BluCreek Brewing Co. of Madison, Wis., sells its BluBeer suds —
containing 5% wild blueberry fruit — in nine states, mostly in the
Midwest and mid-Atlantic. Thomas Moffitt, BluCreek's owner, says he
experimented with cultivated berries, but they "made the beer more
watery and almost a purple color."
Meanwhile, in Boston, 50 laboratory rats are being fed
blueberry-infused pellets at the U.S. Department of Agriculture's Jean
Mayer Human Nutrition Research Center on Aging at Tufts University.

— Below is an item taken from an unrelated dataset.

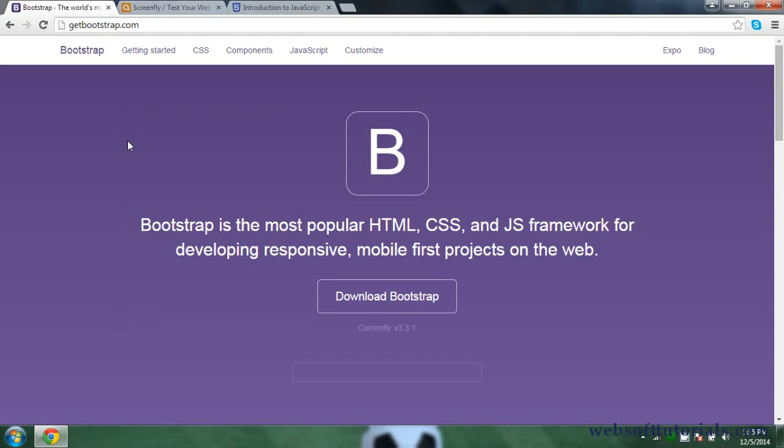Hi guys, this is Rishabh Kapoor from WebsoftTutorials.com. We are going to start a new video series on Bootstrap 3. In this first video I will give you an introduction to Bootstrap, show you an example of a website designed using Bootstrap 3, and we will download Bootstrap.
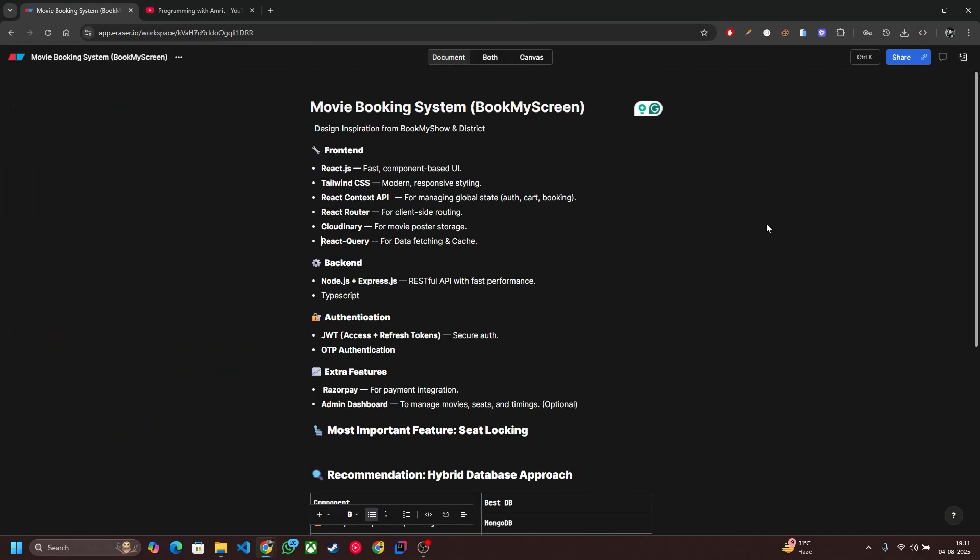Now let's talk about the tech stack behind our project which I have named as BookMyScreen. This is not just another clone. We are building a real world scalable movie booking system with real-time seat locking, modern architecture and production grade features.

Half of the rats are old, the other half young. A similar group of 50
are eating regular rat chow. The
rats will be pitted against one another in maze-running experiments
this spring.
James A. Joseph, chief of the center's Laboratory of Neuroscience,
hopes to look closely at the mechanisms involved in a previous
experiment, in which he found that old rats fed a blueberry-rich diet
grew new neurons — meaning blueberries seemed to help reverse
age-related short-term-memory loss. The rats also regained some balance
and coordination. The results have yet to be found in human clinical
trials.
Dr. Joseph, author of a book called "The Color Code" that touts the
value of pigmented food, isn't waiting. Leaning back in his office
chair, he swilled a thick blue goo — a blueberry smoothie — he had
brought from home. "I try to do a cup a day" he said.